I’m really curious what you find enjoyable about it. Python? Generative model automation for things like posterior predictive chekcs and simulation-based calibration? Having a model-building API like PyMC rather than a domain-specific language like Stan? I’ve been much happier in Python than in R—plotnine is a life saver.
The reason I ask is not because I think we’ll be able to compete with Stan, but because I am working on building a replacement ecosystem for Stan directly in JAX. Coding a model in JAX is more like coding in Stan than PyMC, because you are just leaning on JAX to give you a differentiable language for specifying a log density. But unlike Stan, it’s designed natively for flexible GPU coding and parallelism and has the constructs to support that (despite their “sharp edges”).
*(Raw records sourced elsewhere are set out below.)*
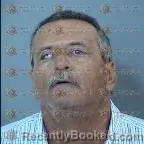 Mugshot of Alvaro Quijada booked in Maricopa County, Arizona on June 2, 2026
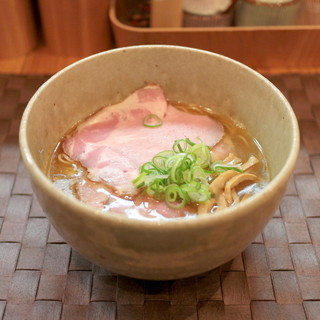 らぁ麺や 汐そば雫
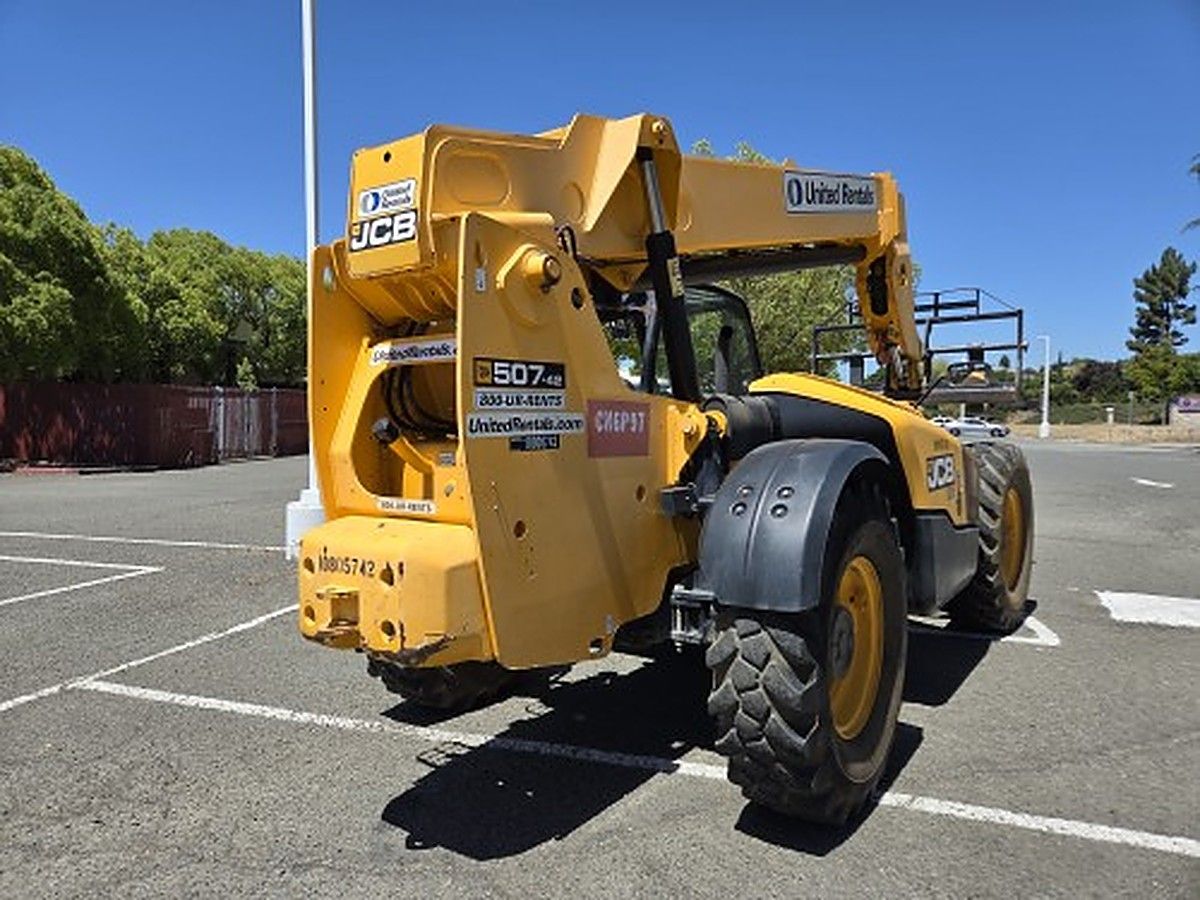 JCB 507-42 photo 7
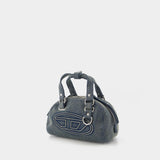 Cabas 1DR Dome Soft - DIESEL - Coton - Bleu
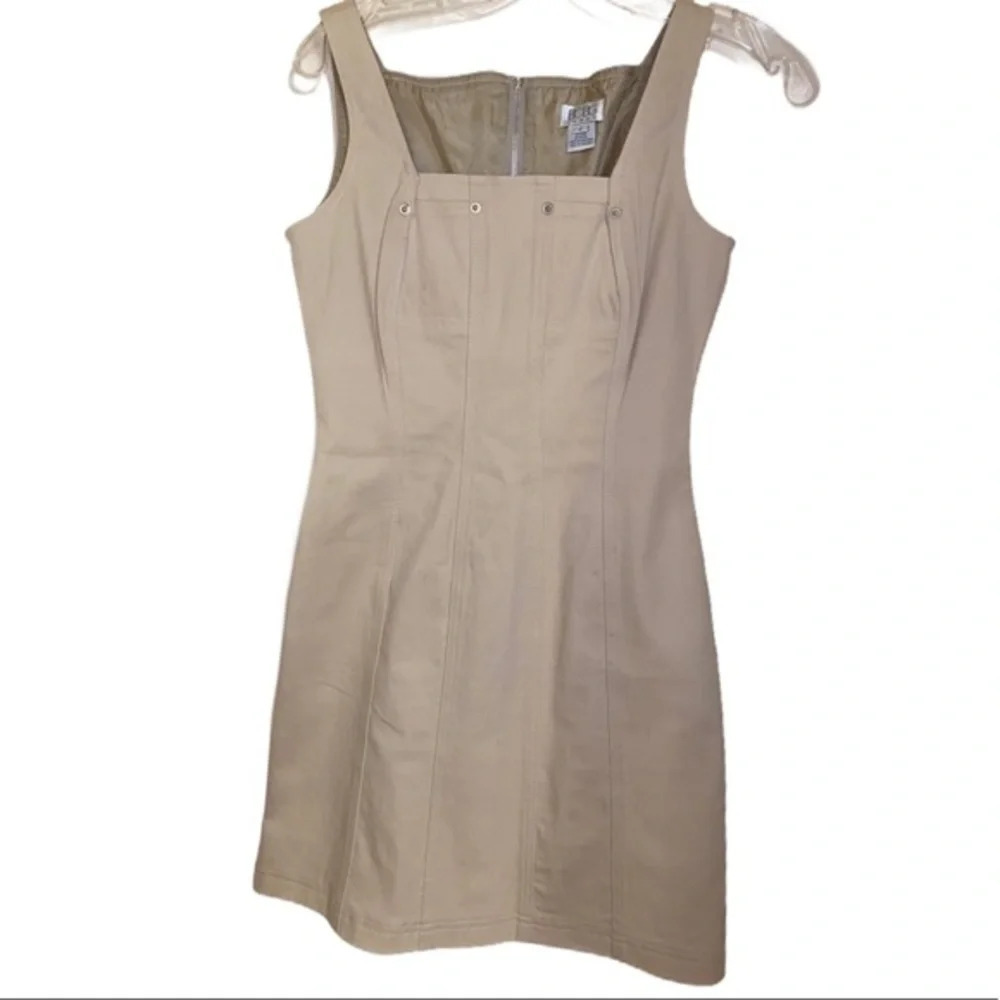 BCBG‎ Jeans Beige Dress​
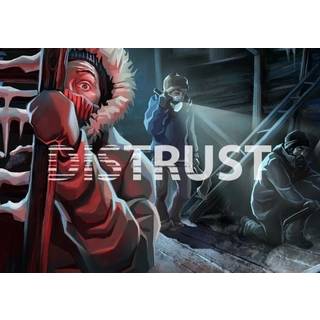 Distrust: Polar Survival (PC) Steam Key - GLOBAL
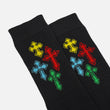 Crosses Chroma Crew Socks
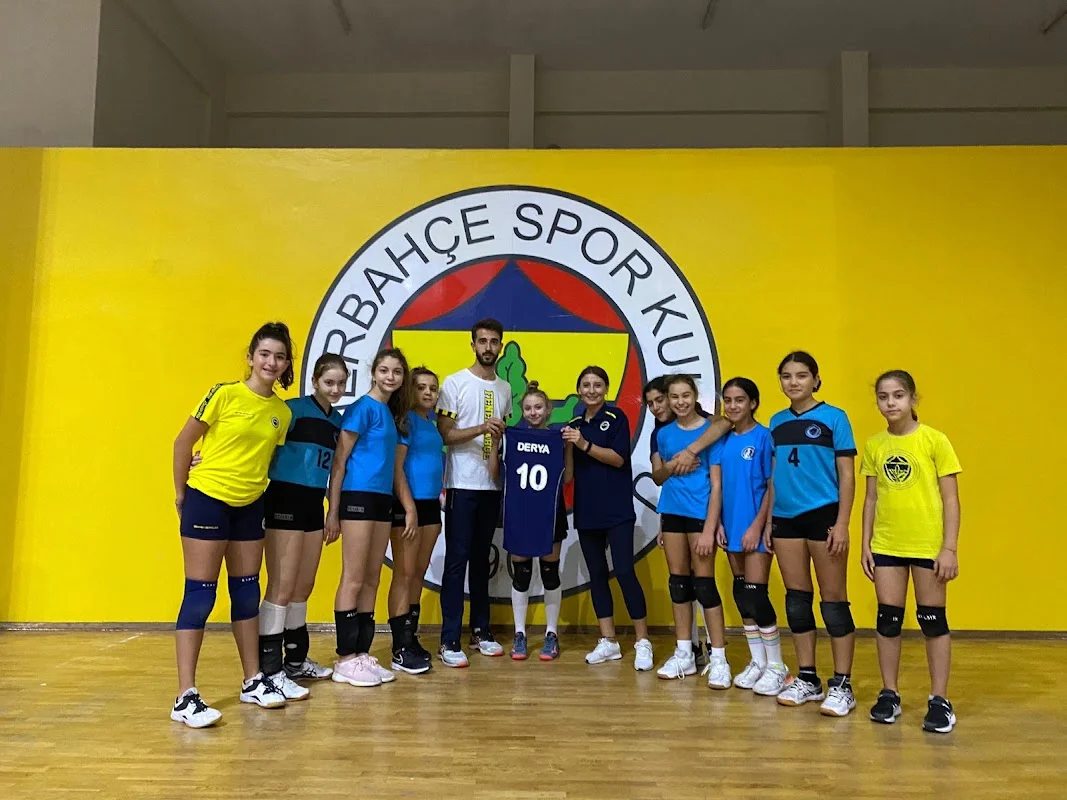 Fenerbahçe Sancaktepe Basketbol Okulu - Sancaktepe, İstanbul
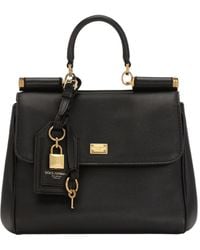 Dolce & Gabbana - Tote Bags - Lyst
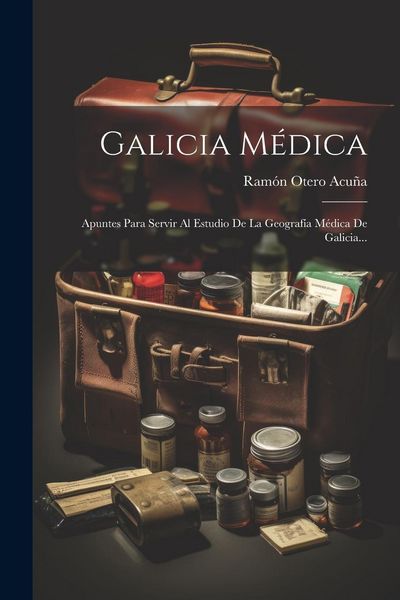 Produktbild: Galicia M&eacute;dica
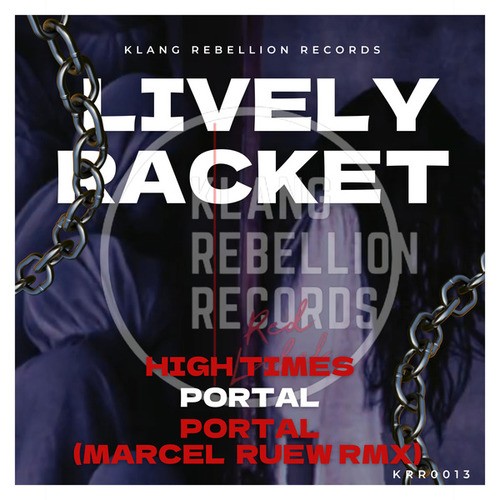 Lively Racket, MARCEL RUEW-High Time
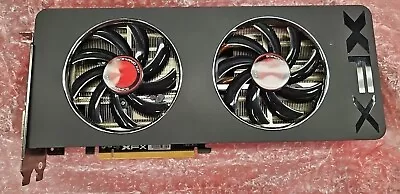 XFX Radeon R9 280x 3GB GDDR5 Graphics Card - Mini DisplayPort HDMI DVI • $35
In contrast, PyMC really wants you to build a graphical model. I had originally thought we could just use PyMC or NumPyro to generate JAX, but those are very different paradigms and the graphical modeling focus makes it impossible to translate Stan models line for the line the way that is possible in JAX.
I agree, plotnine is awesome! Knowing I wouldn’t completely leave behind ggplot2 went a long way to convince me to use Python more – and Python is certainly what drew me in to PyMC.
I don’t have formal advanced math training. Having been introduced to Bayesian models through McElreath’s book, and then further indoctrinated by Hobbs and Hooten and Gelman et al’s BDA (admittedly a much more challenging read for me), I find translating models from the McElreath style math-stats I write on my chalk board into Stan a simple workflow. Stan just plain rocks for the models I fit. However, I think it is mostly Python per se and the generative model automation for ppc’s that I’ve enjoyed about PyMC thus far. Additionally, in PyMC, the translation from math-stats to model building context manager that PyMC uses (at least the simple-ish ones) is likewise fairly straight forward even if I still prefer to work in Stan.
I feel pretty similarly about turing.jl, for what it’s worth!
Modeling in JAX has not been on my radar but sounds like it would be a hit! Especially given the GPU flexiblity…
Thanks for the response. What we’ve found with Stan is that the Stan language itself and formulating models is beyond most applications-oriented scientists who just want to use Bayes to fit a model. Part of it is writing loops, part of it’s writing types, and part of it’s just trying to convert stats ideas to code. That’s why tools like brms are an order of magnitude more popular than Stan itself. I think Python attracts a more programming-oriented community than R, so formulating models with the PyMC API may be less of a problem for the PyMC users than it is to formulate models in Stan for the Stan users.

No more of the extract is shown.